Regional route in South Africa

The R503 is a Regional Route in North West, South Africa that connects Mahikeng with Klerksdorp via Lichtenburg and Coligny.

==Route==
The R503 begins in the town of Mahikeng, the capital of the North West, at a four-way-junction with the N18 national route and the R49 route. It goes south-east for 62 kilometres, forming the southern border of the Mafikeng Game Reserve, bypassing Itsoseng, to the town of Lichtenburg, where it enters in an easterly direction and meets the R505 route.

The R503 joins the R505 to become one road southwards as Thabo Mbeki Drive before becoming Republiek Street eastwards to reach a junction with the R52 route (Dr Nelson Mandela Drive) in the town centre. The R503 & R505 join the R52 southwards on Dr Nelson Mandela Drive for 2 kilometres up to the junction with 12th Avenue, where the R52 becomes its own road south-westwards. At the next junction, the R505 becomes its own road southwards while the R503 turns to the south-east as Kalkweg Way.

From Lichtenburg, the R503 goes south-east for 21 kilometres to the town of Coligny, where it meets the N14 national route at a T-junction west of the town centre. The N14 joins the R503 and they share one road south-east for 2 kilometres up to a junction south of the town centre, where the R503 becomes its own road southwards.

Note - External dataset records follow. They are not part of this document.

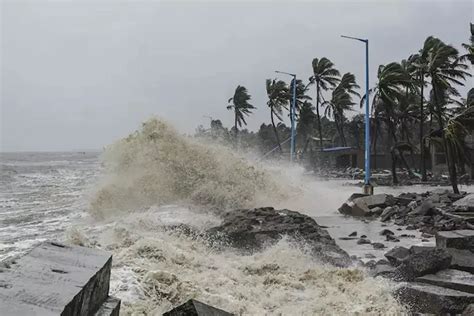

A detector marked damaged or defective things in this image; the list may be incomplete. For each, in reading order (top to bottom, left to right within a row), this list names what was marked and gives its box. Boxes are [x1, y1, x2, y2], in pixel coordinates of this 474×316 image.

broken concrete slab [436, 230, 474, 252]
broken concrete slab [0, 241, 113, 314]
broken concrete slab [416, 270, 474, 294]
broken concrete slab [163, 298, 233, 316]
broken concrete slab [394, 282, 474, 314]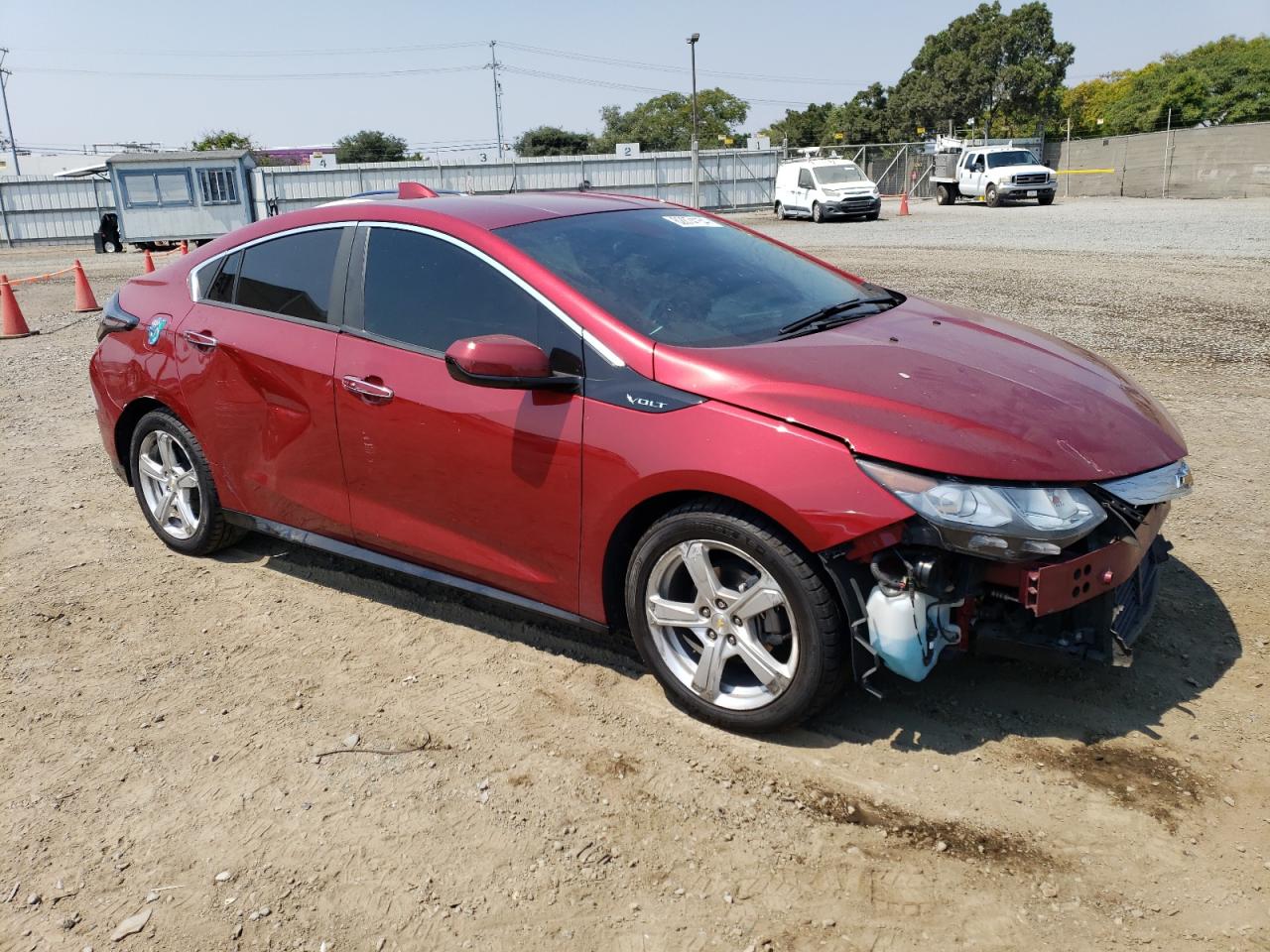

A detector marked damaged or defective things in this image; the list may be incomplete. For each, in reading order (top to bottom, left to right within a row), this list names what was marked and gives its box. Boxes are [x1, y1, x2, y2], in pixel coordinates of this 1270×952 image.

From Coligny, the R503 goes southwards for 52 kilometres to the town of Hartbeesfontein, where it meets the R507 route east of the town centre. The R507 joins the R503 and they share one road south-east for almost 2 kilometres before the R507 becomes its own road westwards. From Hartbeesfontein, the R503 goes south-east for 20 kilometres to enter the city of Klerksdorp and reach its terminus at a T-junction with the N12 national route in the suburb of Freemanville (west of the city centre; north of Jouberton).